How to complete this task - From the first line of the entries below through the line holding "Bestjing Bamboo Couch", write out every line exactly, please, and leave out the pictures.
**********
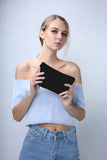 Deanfun Makeup Case Small, Cosmetic Zipper Bag Waterproof for Purse Mini, Women Cute Traveling Accessories Pouch for Ladies Thanksgiving Christmas Gifts(Solid Black D2-51705) 8.65" x 5.35" x 0.78"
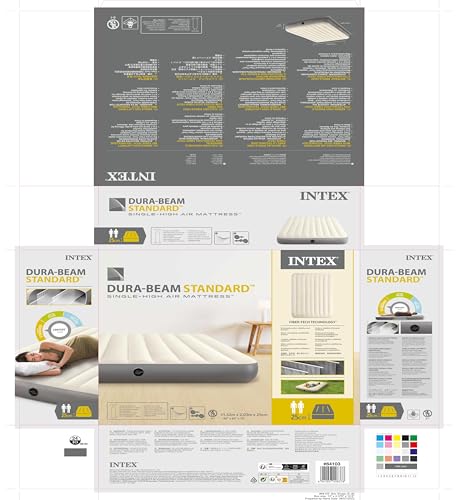 Intex Unisexs Queen Dura-Beam Series Single High Airbed, Taupegrey, One Size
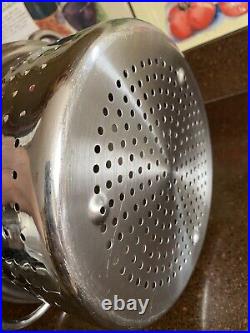 BERNDES Germany Crate And Barrel 8 Qt Stock Pot With Pasta Insert/Strainer Lid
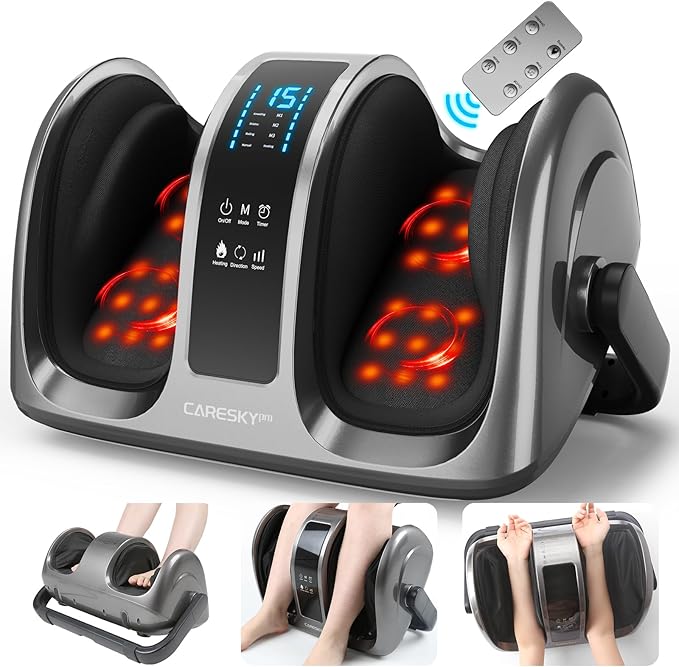 CARESKY® Shiatsu Foot Massager with Heat and Remote-FSA Eligible HSA Electric Deep Kneading Foot Massager for Neuropathy, Plantar Fasciitis, Massage Feet/Leg/Calf/Ankle, Gifts for Women and Men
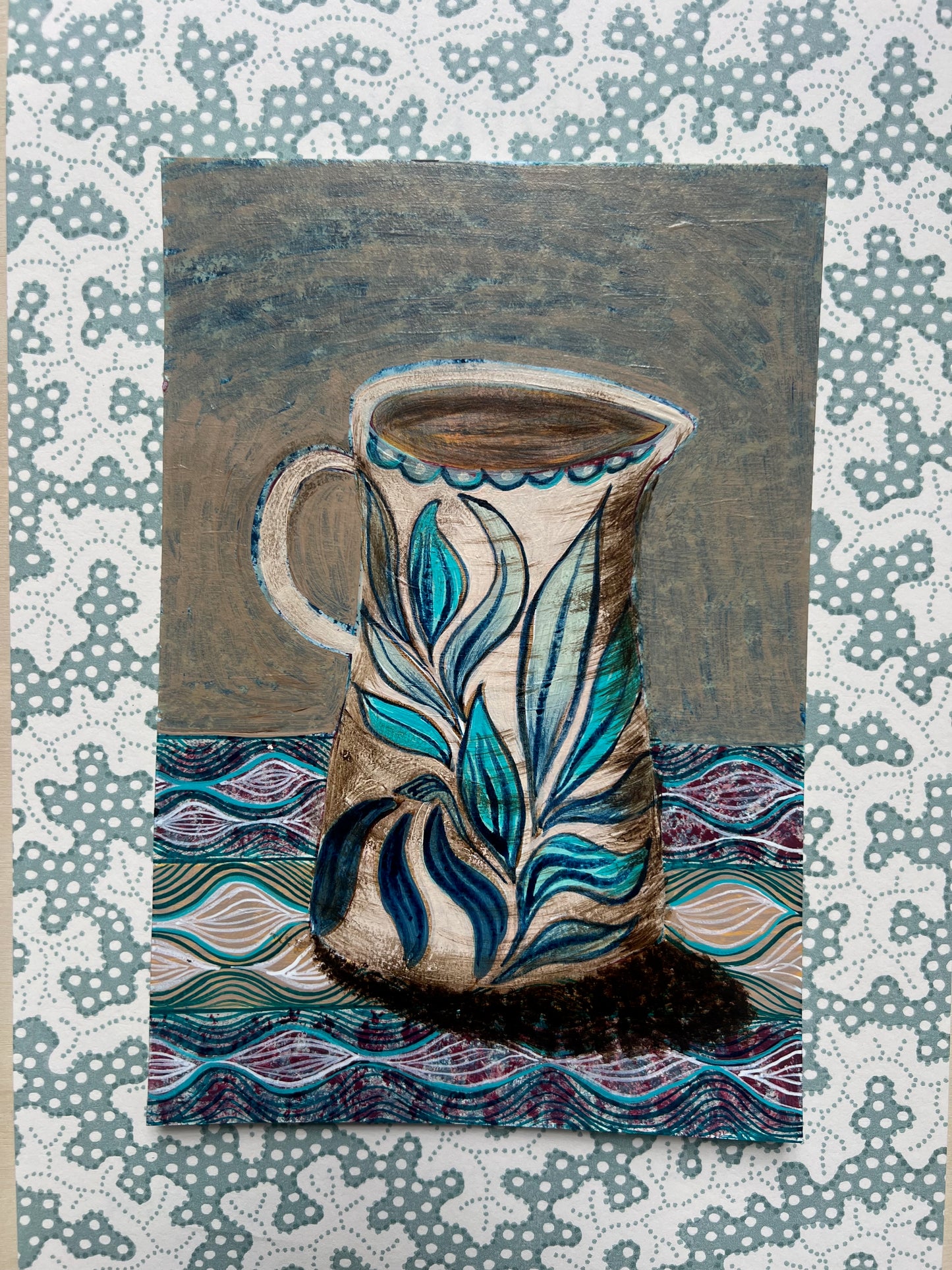 Blue Leaves Jug on a patterned cloth - Original Painting
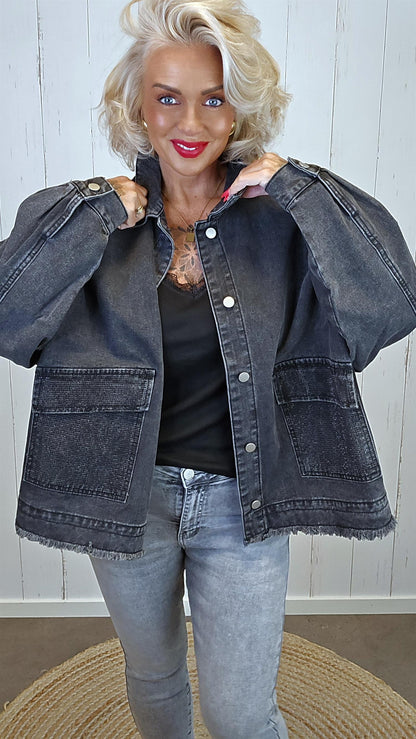 Iben denim jakke gråsvart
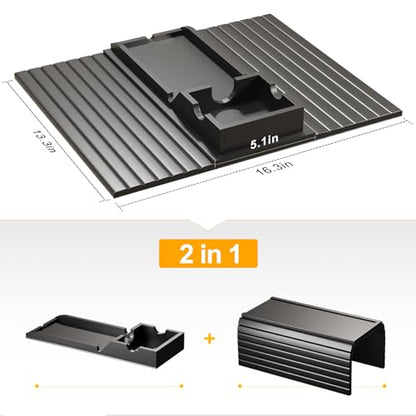 Bestjing Bamboo Couch Armrest Table, Sofa Arm Tray with Detachable Couch Cup Holder- 2 in 1 Anti-Slip Foldable Sofa Armchair Caddy Table for Drinks Cellphone TV Remote Snacks (Black) - color: Black, size: 16.3" x 13.3" x 2"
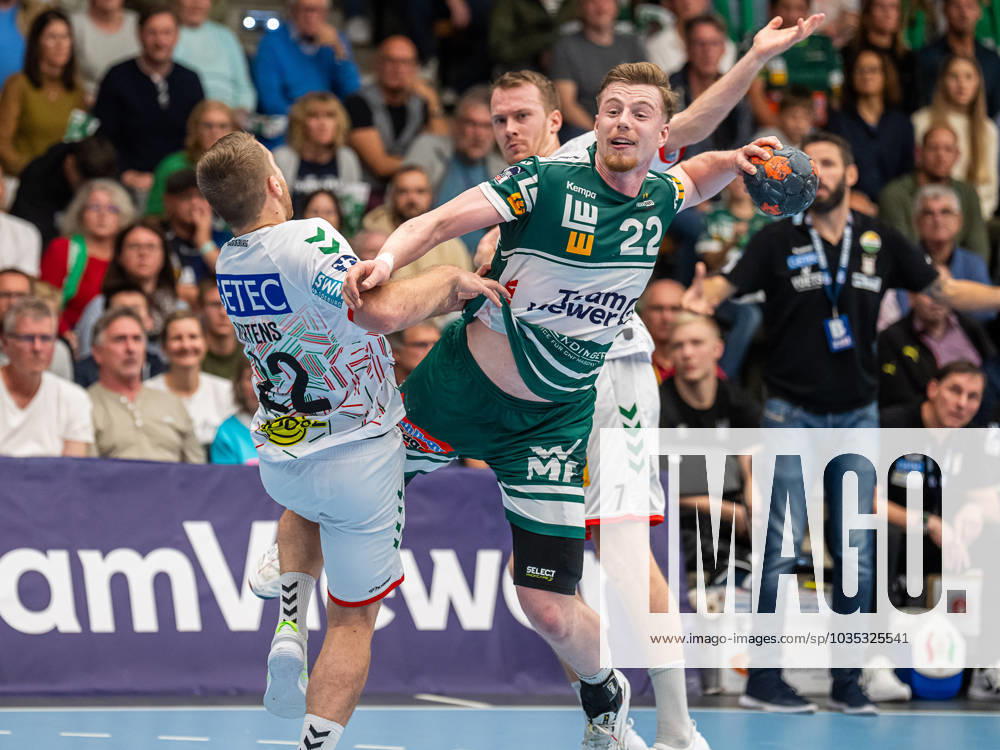 Erik Persson Frisch Auf Goeppingen, 22 in duel with Lukas Mertens SC Magdeburg, 22 , Frisch Auf Goeppingen vs SC Magdeburg, 1 Bundesliga, Handball, Men, 07 10 2023 Frisch Auf Goeppingen vs SC Magdeburg, 1 Bundesliga, Handball, Men, 07 10 2023 Goeppingen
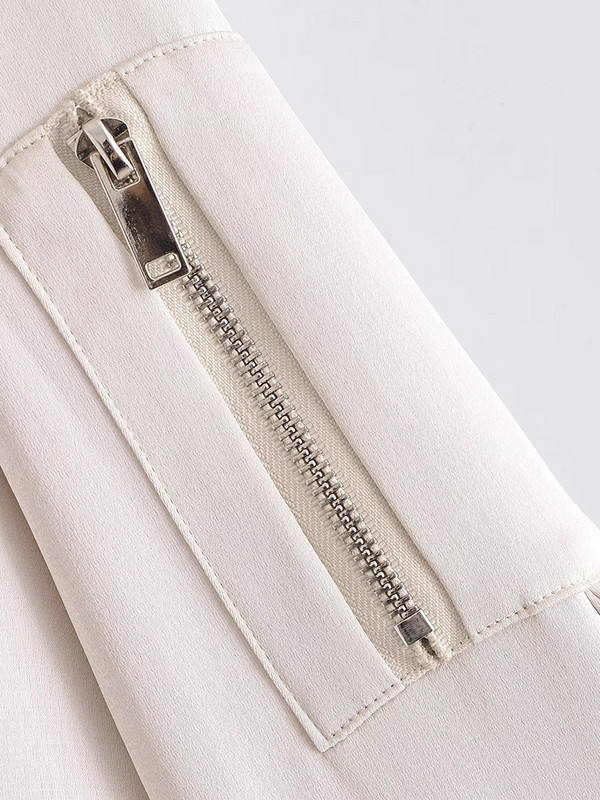 Ženske modne bomber jakne Labavi satenski kaput s džepovima i patentnim zatvaračem Vintage O-izrez dugih rukava Ženska šik vanjska odjeća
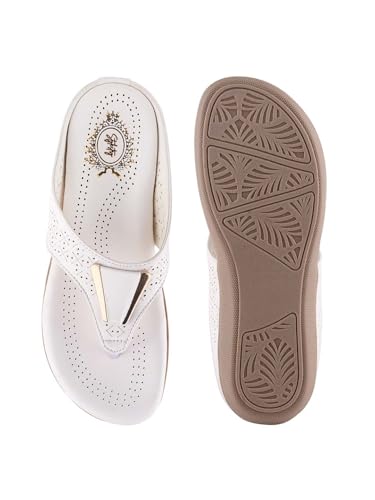Image of Shoetopia Women's Flat Sandals - Comfortable Slip-On Toe Ring Design with Cut-Out Detailing Ladies Stylish Perforated Upper for Casual Footwear
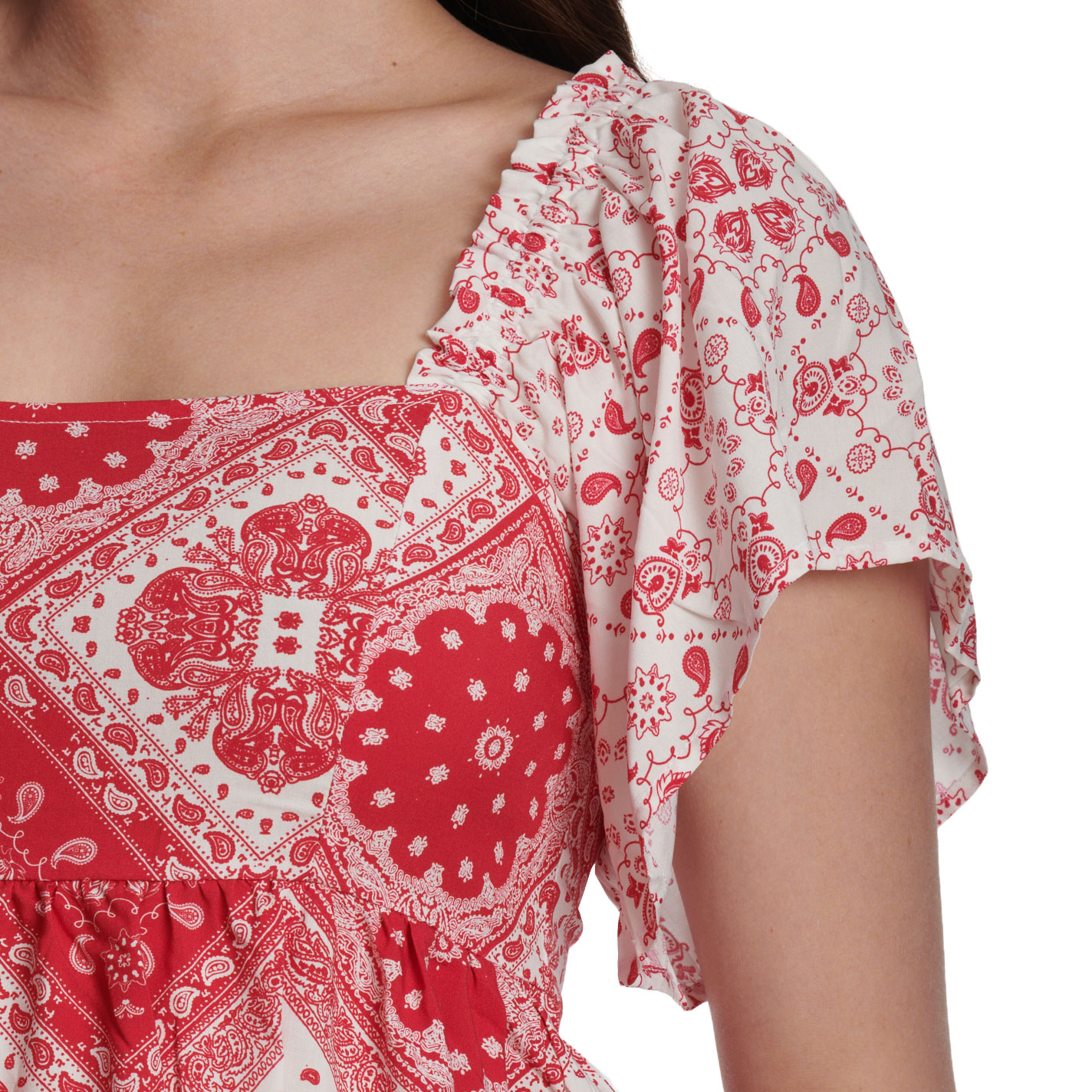 Cowgirl Hardware Women’s Red Bandana Ruffle Sleeve Top - Image 1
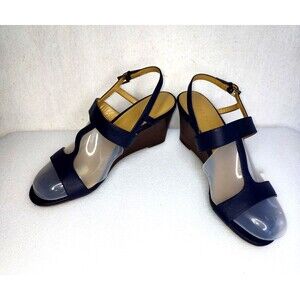 TALBOTS Keri T - Strap Ankle Wedge Women Sandals Size 9 Navy Blue 3" Heel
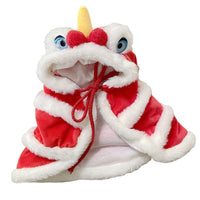 HKM-1977405 Cozy Red Cotton Winter Cloak for Cats - Lion Shawl Style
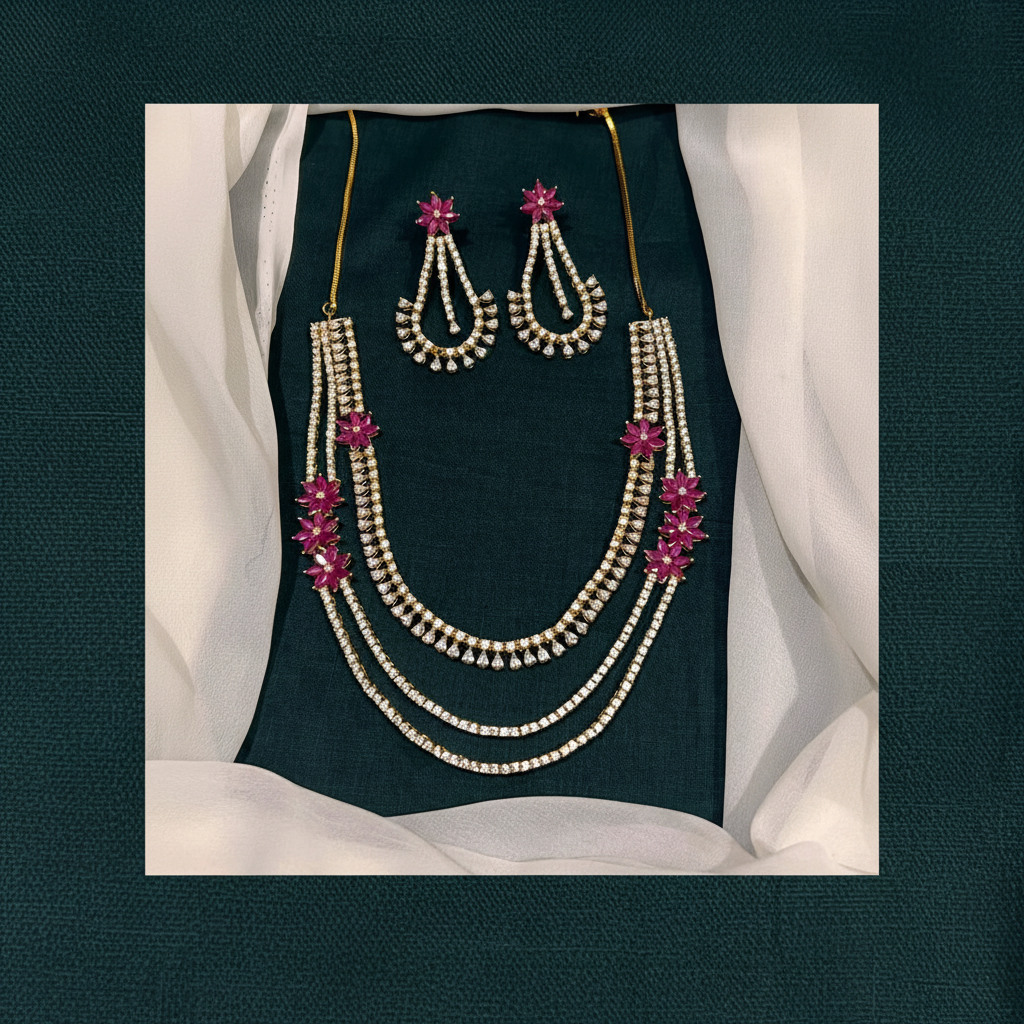 White And Red CZ Layer Haram With Earrings - NH00422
**********
Task output -
 Deanfun Makeup Case Small, Cosmetic Zipper Bag Waterproof for Purse Mini, Women Cute Traveling Accessories Pouch for Ladies Thanksgiving Christmas Gifts(Solid Black D2-51705) 8.65" x 5.35" x 0.78"
 Intex Unisexs Queen Dura-Beam Series Single High Airbed, Taupegrey, One Size
 BERNDES Germany Crate And Barrel 8 Qt Stock Pot With Pasta Insert/Strainer Lid
 CARESKY® Shiatsu Foot Massager with Heat and Remote-FSA Eligible HSA Electric Deep Kneading Foot Massager for Neuropathy, Plantar Fasciitis, Massage Feet/Leg/Calf/Ankle, Gifts for Women and Men
 Blue Leaves Jug on a patterned cloth - Original Painting
 Iben denim jakke gråsvart
 Bestjing Bamboo Couch Armrest Table, Sofa Arm Tray with Detachable Couch Cup Holder- 2 in 1 Anti-Slip Foldable Sofa Armchair Caddy Table for Drinks Cellphone TV Remote Snacks (Black) - color: Black, size: 16.3" x 13.3" x 2"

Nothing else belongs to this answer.